= REQUIREMENT =
Look through the entries below and extract exactly the lines from the one containing "29.06.2025 - hella" through the one containing "4520 Dickson Street", ends included.

= GIVEN ENTRIES =
.....

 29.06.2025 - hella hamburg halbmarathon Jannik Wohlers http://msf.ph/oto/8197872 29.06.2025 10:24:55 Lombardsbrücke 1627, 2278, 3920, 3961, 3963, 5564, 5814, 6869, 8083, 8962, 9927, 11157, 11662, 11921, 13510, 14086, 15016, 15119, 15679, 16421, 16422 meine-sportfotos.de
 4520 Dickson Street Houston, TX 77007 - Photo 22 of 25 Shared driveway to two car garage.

.....

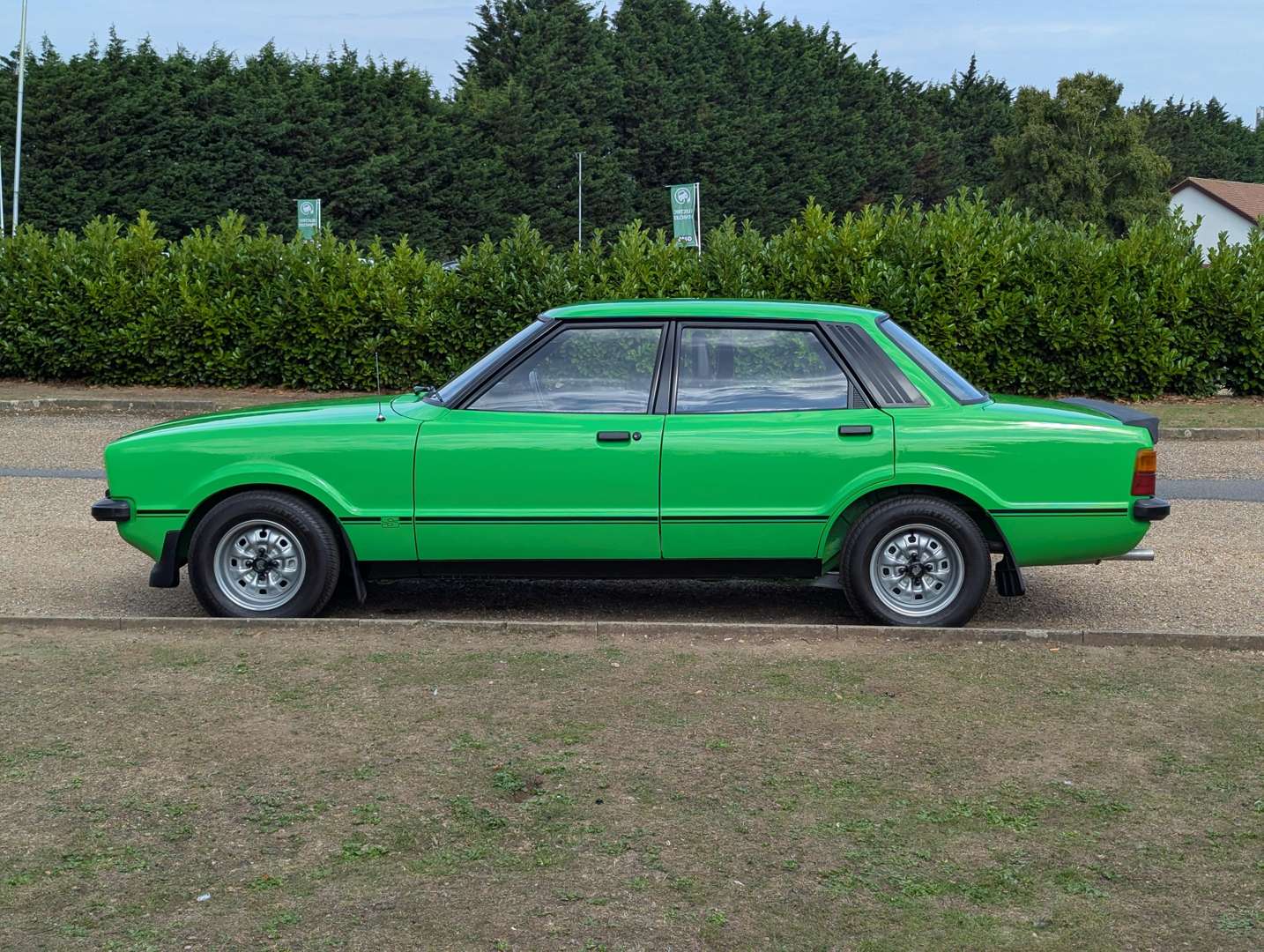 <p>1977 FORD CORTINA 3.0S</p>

.....

= RESPONSE TO THIS EXERCISE =
 29.06.2025 - hella hamburg halbmarathon Jannik Wohlers http://msf.ph/oto/8197872 29.06.2025 10:24:55 Lombardsbrücke 1627, 2278, 3920, 3961, 3963, 5564, 5814, 6869, 8083, 8962, 9927, 11157, 11662, 11921, 13510, 14086, 15016, 15119, 15679, 16421, 16422 meine-sportfotos.de
 4520 Dickson Street Houston, TX 77007 - Photo 22 of 25 Shared driveway to two car garage.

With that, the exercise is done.